Teacher-psychologist MBDOU CRR-kindergarten No. 42 “Rodnichok”, Vidnoye, Moscow region

Training on interaction with parents “Dreams come true”

Block 1. Greeting

Exercise “My name is... I love...” (introduction to the training participants)

Target: creating a positive emotional background

The educational psychologist invites each participant to say their name and continue the phrase “I love...” (for example, “My name is Tatyana, I like to listen to music.”)

Exercise “Swap places” (harmonization of emotional mood)

Target: group unity, searching for similarities and differences between each other

Participants stand in a circle, each of them names a characteristic, after which all those who have the named characteristic change places (for example, “Change places those who woke up today in a good mood.”)

Block 2. Main part

Exercise “Picture of the World”(recreation of inner desires)

Target: promoting a fuller awareness of one’s desires and capabilities, setting personal and professional goals, and increasing self-esteem.

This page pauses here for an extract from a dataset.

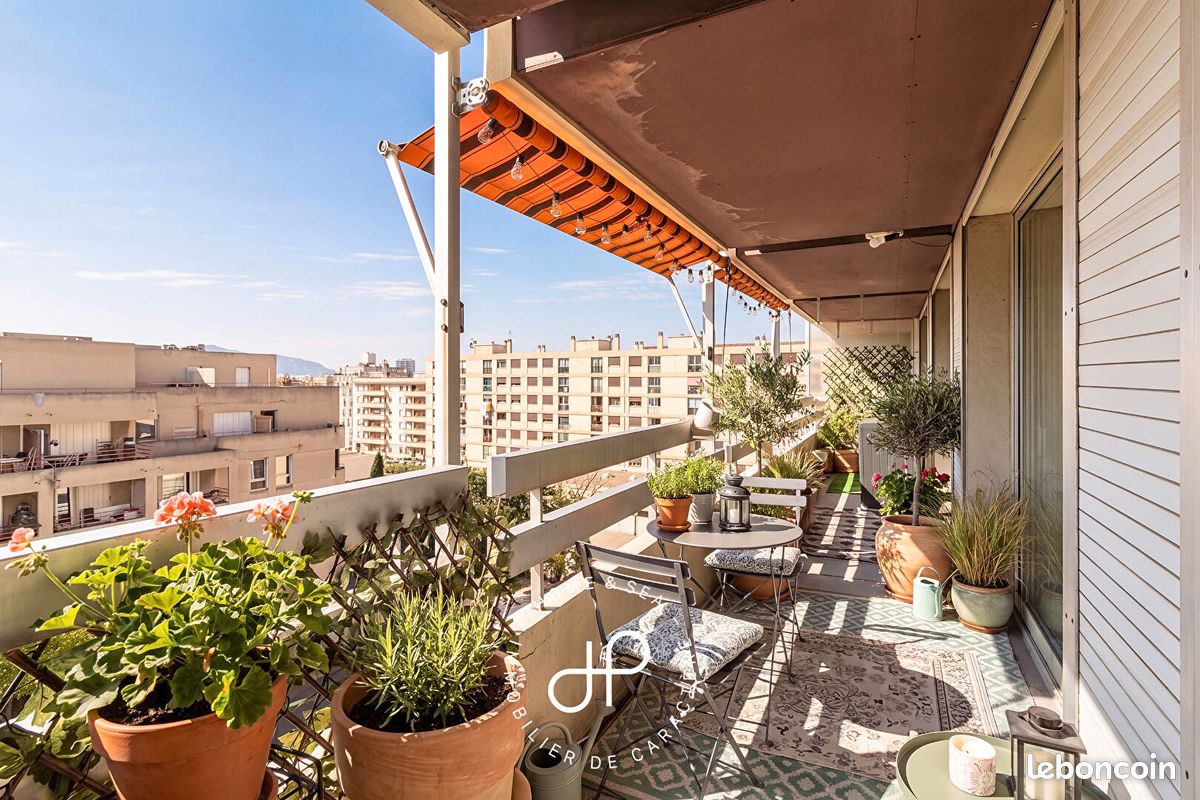 Appartement 3 pièces 55 m² · à Marseille · 55 m² · 180 000 €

Equipment: sheets of paper, newspapers, pictures, magazines, scissors, glue, pencils, felt-tip pens, etc.

Teacher-psychologist: “Today our training will not be aimed at child-parent relationships. We will work exclusively for ourselves. Each of us develops many roles and masks. When we find ourselves in any situation, we “put on” different masks and play different roles. In psychology there are such concepts as “I am a parent”, “I am an adult” and “I am a child”. If we draw a parallel between the current situations and this theory, it turns out that we behave either like an adult when necessary; or, as a parent, when possible; or, like a child, whenever I want. That is why I invite you to play the role of a child today and want what you want. In front of you are sheets of paper, prepared magazines and newspapers, and tools. The task is for you to recreate with the help of all this a picture of your desires, what you want to achieve. Please get started!”

Discussion.

Exercise “Creative Life”(transferring the consideration of creativity problems from the plane of specially simulated situations to the area of ​​everyday, everyday life realities)

Participants, united in subgroups of 5-6 people, are given the task: to formulate a list of recommendations that will allow them to “make life more creative” and write them down. The recommendations formulated must be realistic for all participants, or at least for the majority of them (i.e., do not imply the presence of any rare abilities, too large material costs, etc.).

Discussion.

Note: at the end of the training, each participant is given booklets with recommendations compiled by experts in the psychology of creativity.

Block 3. Relaxation

Exercise “7 candles”

Note: the lights go out, the lights on the tree come on.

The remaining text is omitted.